It works surprisingly well, so long as you follow these rules:

1) You have to constantly re-evaluate. Urgent and important are two adjectives
that are extremely subjective and change over time.

2) You absolutely must tackle tasks in the order above.

3) Spend a lot of attention on group two (not urgent/important). You'll be
tempted to put gigantic, overwhelming tasks on there ("Learn a new skill") as
opposed to something actually accomplishable ("Go through React tutorial part
1").

You really have to be honest about what "important" means to you. Especially
group two (not urgent/important). Group one is usually pretty easy.

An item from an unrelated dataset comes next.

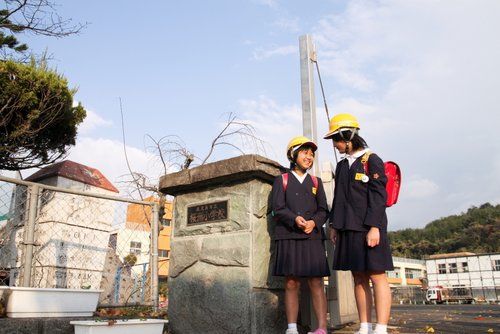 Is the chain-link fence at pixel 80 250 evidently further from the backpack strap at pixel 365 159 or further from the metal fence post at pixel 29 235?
the backpack strap at pixel 365 159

I'll deal with the hassle of my package being returned by the post office if
it means I can talk to an old friend instead. You may feel differently. Be
honest about it. If you find you're not accomplishing group two tasks and
procrastinating on them, maybe they're not that important to you. "Call an old
friend" sounds like something important, but maybe you've both moved on and
the friendship really isn't that important to you anymore.

------
joyeuse6701
Passion planner or bullet journal methods worked for me. Passion planner asks
the good, tough questions that get you moving with your project, breaking down
from years, to months, to weeks. Bullet journal is much more flexible,
forgiving, but not as effective. One can incorporate passion planner ideas and
questions into a bullet journal, you just have to do it manually.

------
nikisweeting
I recently discovered Noteplan after trying and failing to find a good notes
app for years. It's geared towards programmers and techy folk, and it lets you
make simple Org-mode style notes with markdown, and integrates pretty well
with your other calendar apps. [http://noteplan.co/](http://noteplan.co/)

------
obfuscatedgeek
Been trying to do this, tis year and currently using Trello.

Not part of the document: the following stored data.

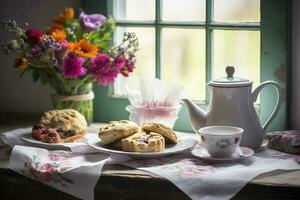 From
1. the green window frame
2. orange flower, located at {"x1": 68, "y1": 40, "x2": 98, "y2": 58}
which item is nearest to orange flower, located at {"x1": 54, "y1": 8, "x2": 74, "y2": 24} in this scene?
orange flower, located at {"x1": 68, "y1": 40, "x2": 98, "y2": 58}

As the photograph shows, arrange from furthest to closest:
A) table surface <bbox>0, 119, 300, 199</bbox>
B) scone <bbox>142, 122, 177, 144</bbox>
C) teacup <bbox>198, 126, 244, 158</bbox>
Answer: scone <bbox>142, 122, 177, 144</bbox>, teacup <bbox>198, 126, 244, 158</bbox>, table surface <bbox>0, 119, 300, 199</bbox>

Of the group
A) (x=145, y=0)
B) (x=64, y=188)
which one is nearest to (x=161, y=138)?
(x=64, y=188)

Current organization is 52 list mentioning every week and every week has 8
cards.

First 7 cards are individual days of the week, every day card includes a
checklist in trello and the eight card is target for the week. Depending on
the schedule 1 entry from the target card is made into a checklist item in any
one of the day card.

------
codingdave
Literally align them -- whenever you make up a to do list, place it under one
of your long-term goals. That way, every time you are doing something, you are
working towards one of your goals. And if you find yourself putting together
lists that do not fit one of your goals, it is a red flag to yourself that you
are not aligned.

------
hollander
Find a coach. Find someone who can keep you on track, someone who is
independent, who knows what he or she talks about, who knows what you do and
what is good for you, personally and professionally. This is probably a
professional (life) coach with IT knowledge (assuming that is your
profession), so that means paying for it.

------
hexsprite
Have you tried [http://focuster.com](http://focuster.com)?

It automates scheduling your to-do list in your Google Calendar so you're
always working on your next top priority.

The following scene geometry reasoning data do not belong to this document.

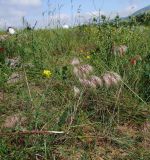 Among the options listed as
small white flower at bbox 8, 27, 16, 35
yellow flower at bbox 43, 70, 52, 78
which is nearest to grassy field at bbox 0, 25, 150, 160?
yellow flower at bbox 43, 70, 52, 78

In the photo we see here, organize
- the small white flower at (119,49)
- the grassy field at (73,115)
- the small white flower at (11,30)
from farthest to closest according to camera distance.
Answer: the small white flower at (11,30)
the small white flower at (119,49)
the grassy field at (73,115)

Don't finish it? It moves it forward in your calendar until you get it done so
nothing falls through the cracks.

------
Sir_Cmpwn
I write down things I want to do but am liable to forget, which are almost
always <1 day of work. The rest is in my head and the details are worked out
on the fly.

It helps to not worry about racing to a practical product as fast as you can.
Take your time and do it right. A practical product will come with time.

------
kesor
BulletJournal.com and the companion app that reminds you to reflect and to
Think(tm) once in a while.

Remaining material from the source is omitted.